When they are widly used you will.

I've used canvas bag from Tesco. It fell apart after few years. I definitely did not use it 7000 times.

When plastic bags were free I was reusing them as trash bags if I collected too many of them. Now I'm buying dedicated trashbags. I definitely spend more on plastic bags then I used to. I can only hope part of this money goes towards environmental efforts.

3 comments

Selection bias... I used those bags for garbage too, but the number of bags I received to the number I used for that purpose was not comparable. There was already an abundance.

PlanetMoney said you needed to use a bag 131 times to be equivalent, not 7k. I see numbers floating around but no sources.

In any case. Reusing a bag not only reduces the bag usage the first time it's used but every subsequent time too. A reusable bags isn't preventing a single plastic bag, it's preventing at least one, probably two, maybe three and possibly four plastic bags each use considering how durable and large they are. Which is to say, you could fit (at most) two double bags of groceries into a single reusable.

> I’m yet to see a cotton bag floating down the Thames.

>> When they are widly used you will.

But all those cotton bags you see quickly disintegrate back into the biome, while the plastic ones stay plastic for a million years...

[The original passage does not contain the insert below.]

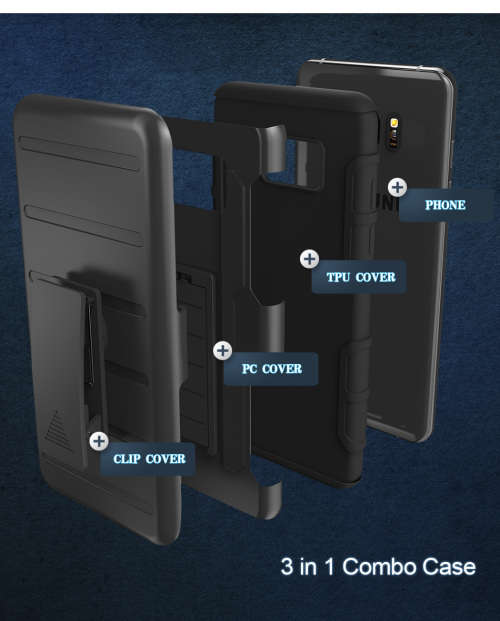 Full Black 3 in 1 Hybrid Kickstand Armor Case For IPhone 7 Plus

My canvas bag had thick plastic lining. You'd definitely would see it. Selling point of those is multiple use not biodegradability.
I don't think anybody's claiming that canvas bags are the answer. As you said, they contain a lot of plastic. The comment you replied to was about cotton bags, not canvas.
Oh. I thought they were the same thing.

I had one that looked pretty much like this: https://m.indiamart.com/proddetail/tesco-shopping-bag-368709...

Is it canvas or cotton?

Hard to tell what it's made of from the tiny image, but the cotton bags I know are 100% cotton (except for the print), like this: https://www.sinplastico.com/3742-large_default/organic-cotto... while canvas bags are usually made from cotton + PVC.
But that's just a convenience issue. There are some many other plastic bags still around that may not be as flexible as the generic fruit and vegetable bag but can still be used for most types of waste. For example I have been using cereal bags for the same task and while they do not fit as nicely in the trash container and you have to be a little more careful when you throw something in, they absolutely work too. Although in the long term we should maybe get rid of the cereal bag too and just use a multi-use hard plastic container that you have to clean with water after use.